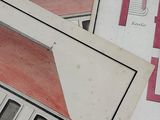 plusieurs anciens plans architecturaux d'une maison posés sur une table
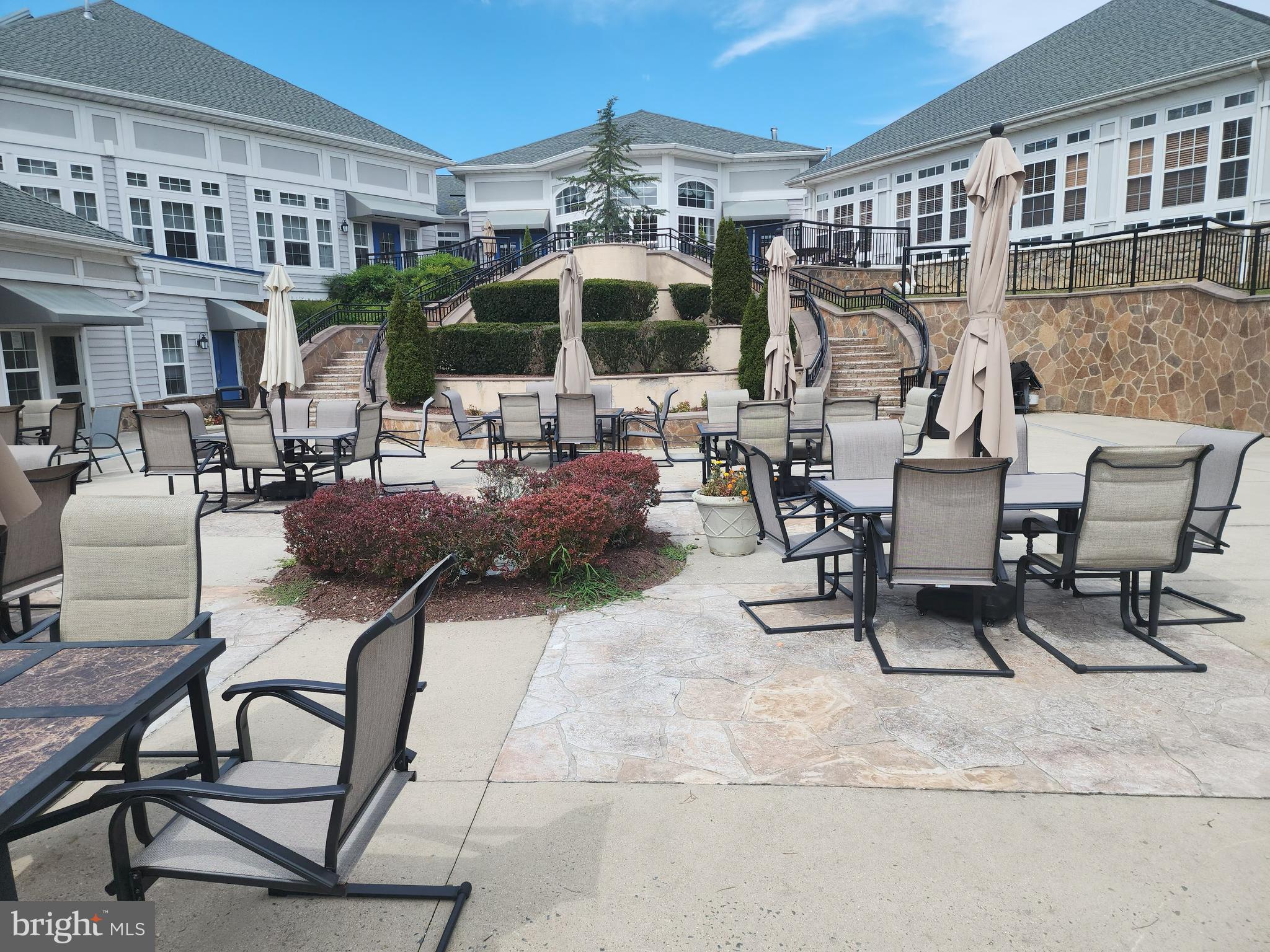 CAMERON GROVE - Residential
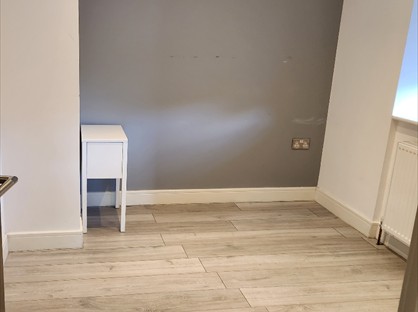 1 Bed Flat, High St, WD17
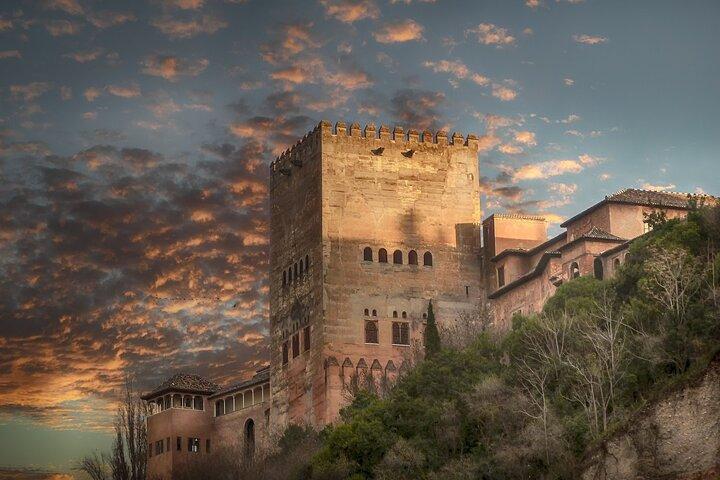 Guided Tour of the Alhambra Surroundings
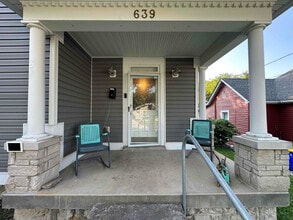 Building Photo - 639 Park St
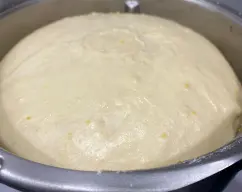 Step <p>Deja reposar dentro del vaso hasta que la masa toque la tapa. (1 hora aprox)</p><p><br></p> illustration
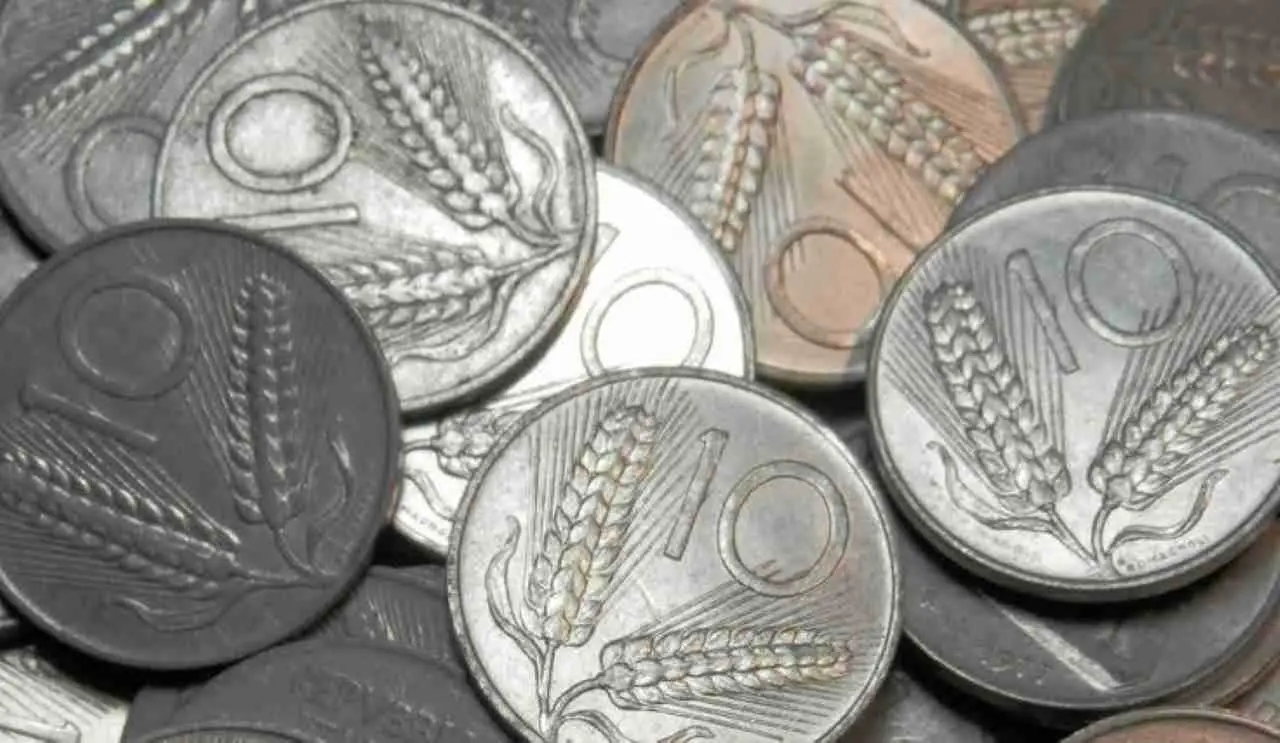 Vecchie lire dimenticate nei cassetti: come riconoscere le monete che ora valgono di più Vecchie lire dimenticate nei cassetti: come riconoscere le monete che ora valgono di più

= = = = =

- Exercise aim:
For the entries above, return an exact copy that omits the images.

- Finished task:
 plusieurs anciens plans architecturaux d'une maison posés sur une table
 CAMERON GROVE - Residential
 1 Bed Flat, High St, WD17
 Guided Tour of the Alhambra Surroundings
 Building Photo - 639 Park St
 Step <p>Deja reposar dentro del vaso hasta que la masa toque la tapa. (1 hora aprox)</p><p><br></p> illustration
 Vecchie lire dimenticate nei cassetti: come riconoscere le monete che ora valgono di più Vecchie lire dimenticate nei cassetti: come riconoscere le monete che ora valgono di più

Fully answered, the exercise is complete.